Clinton supporters remember '90s economic good times

McClatchy NewspapersApril 2, 2008 

NEW ALEXANDRIA, Pa. — Bonnie Kelley thinks of the good times her family had in the 1990s, when it almost seemed as if Bill Clinton pitched in as their financial counselor.

"During the Clinton administration, we were thriving," she recalled fondly. "We had a home, two cars and my husband had a good job. After the Republicans came in, we lost the house and one of the cars. It was like we lost everything."

Loyal Democrats all over Pennsylvania echoed her view they prepared to vote in their state's primary April 22. A lot of them remember the 1993-2001 Clinton era as a good time, and they see 2008 presidential candidate Hillary Clinton as the heir to his magic.

"America was in a good place, and he was the leader in the good times," said Nancy Kilbane, a retired Mount Lebanon teacher.

"Hillary Clinton will have one heck of a great adviser. He's a great guy," added Llfra Miller, a retiree who came to see Hillary Clinton in Greensburg recently.

Nostalgia is a time-honored political motivator. Voters historically romanticize times that seemed better — and simpler. Scholars, though, have long agreed that no president has much direct influence over America's multi-trillion-dollar economy.
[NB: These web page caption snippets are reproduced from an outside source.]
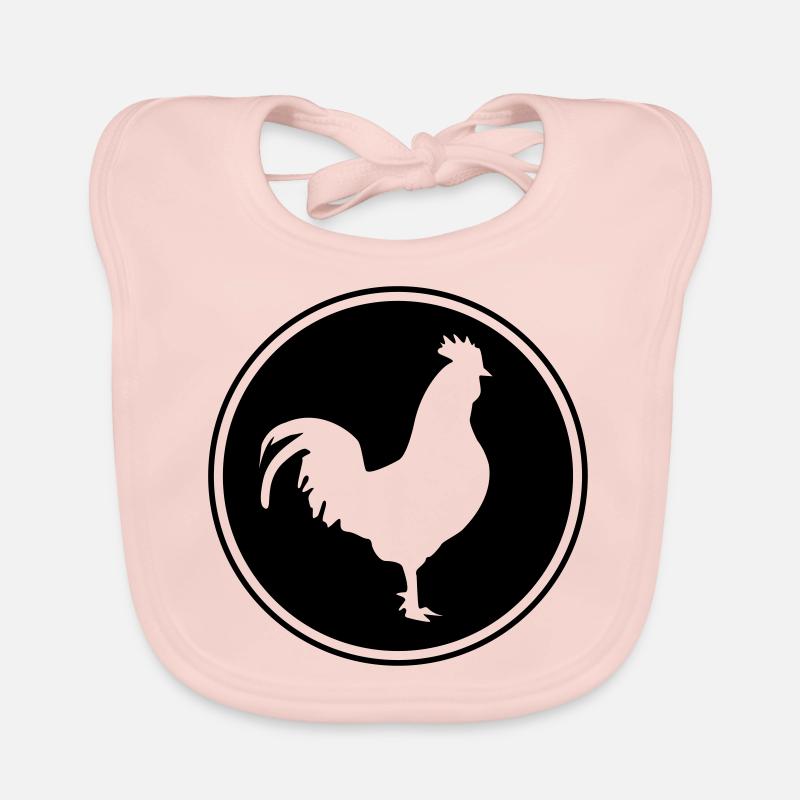 cercle silhouette coq Bavoir bio Bébé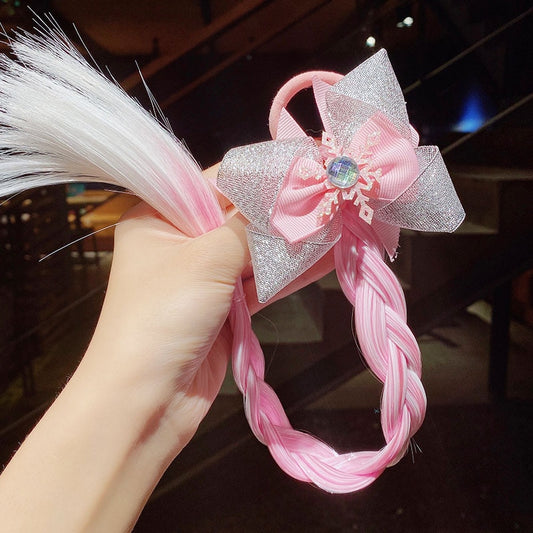 Girls Cute Cartoon Bow Butterfly Colorful Braid Headband Hair Decorate Ponytail Accessories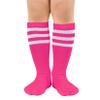 Kids Soccer Socks Striped Cotton Atheletic Softball Baseball Socks Toddler Youth Knee High Tube Sports Socks for Boys Girls Roseo & Peach White 12-15 Years view 3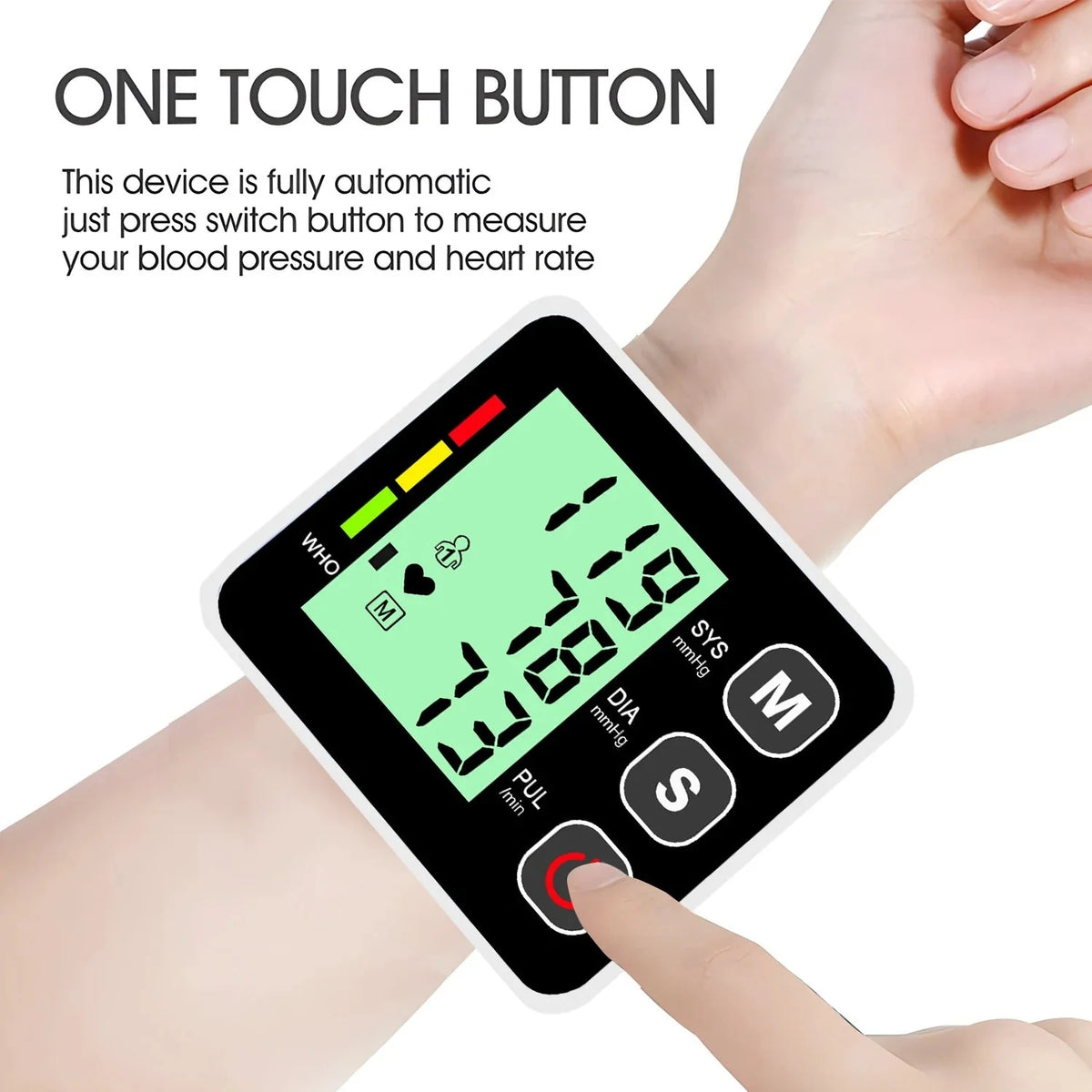 Blood Pressure Monitor Automatic Wrist Cuff 60-Reading Memory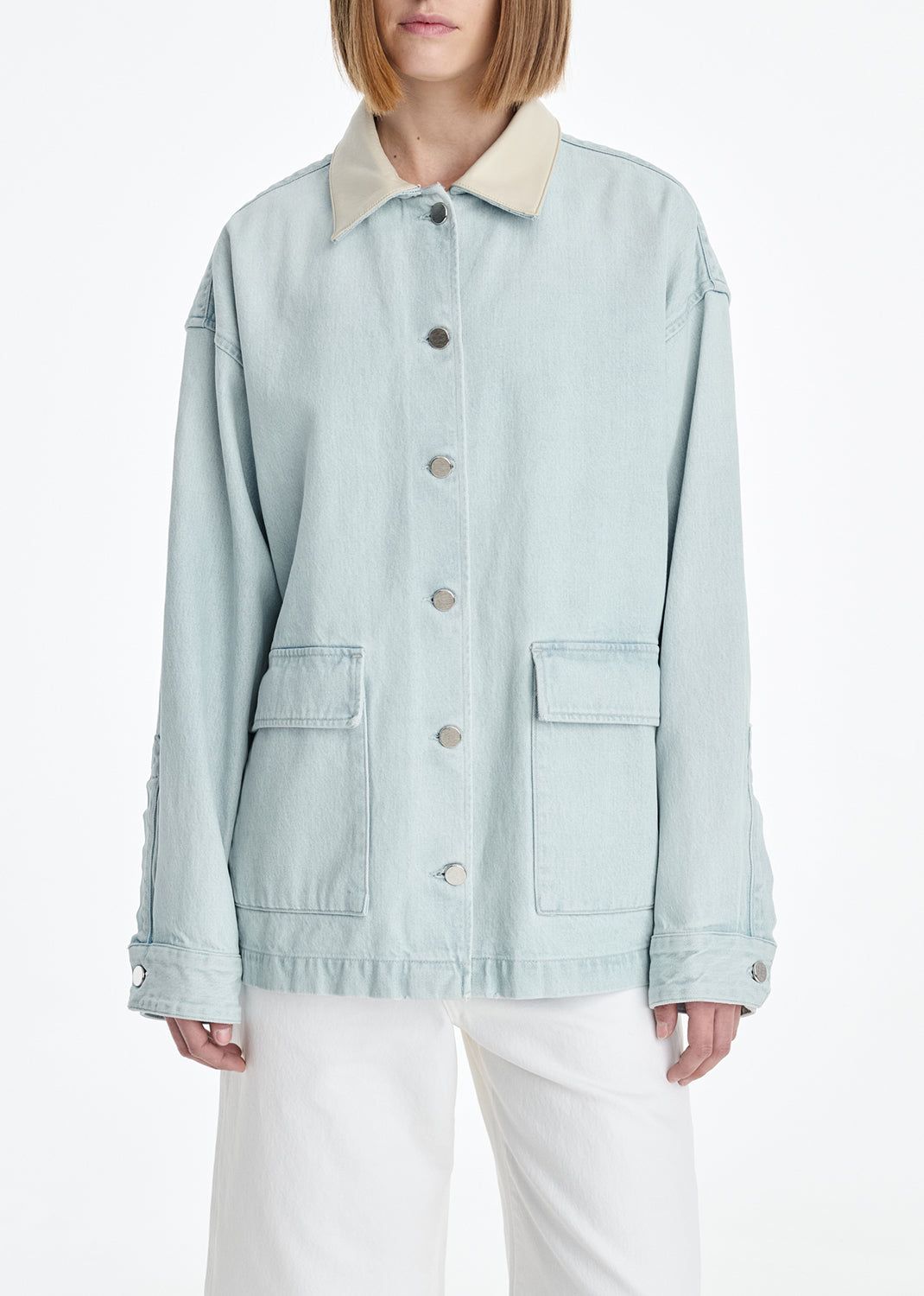 Agolde X Maria Mcmanus Oversized Field Jacket in Washed Pale Indigo - Xs / Washed Pale Indigo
"No president has that much power or influence over the national economy. It's not a controlled system," said David Barker, an associate professor of political science at the University of Pittsburgh. "But voters always tend to blame or credit the president, and usually the biggest way they judge job performance is by the economy."

During Bill Clinton's years in office, the economy grew steadily. The growth was particularly robust in his second term.

He also benefited from the contrast with his predecessor. Though an eight-month recession ended in March 1991, Washington was struggling with giant federal budget deficits in 1992. Unemployment peaked at 7.7 percent that June, and the Conference Board's consumer confidence index dropped for eight straight months, ending in February 1992.

Clinton's first major initiative after he took office was a $500 billion deficit-reduction package that cut spending dramatically and increased taxes on the wealthy. Then-Federal Reserve Board Chairman Alan Greenspan later called the package "an unquestioned factor" in helping to boost the economy. By fiscal 1998, the federal budget logged its first annual surplus in 39 years. It went on to record three more years of surpluses.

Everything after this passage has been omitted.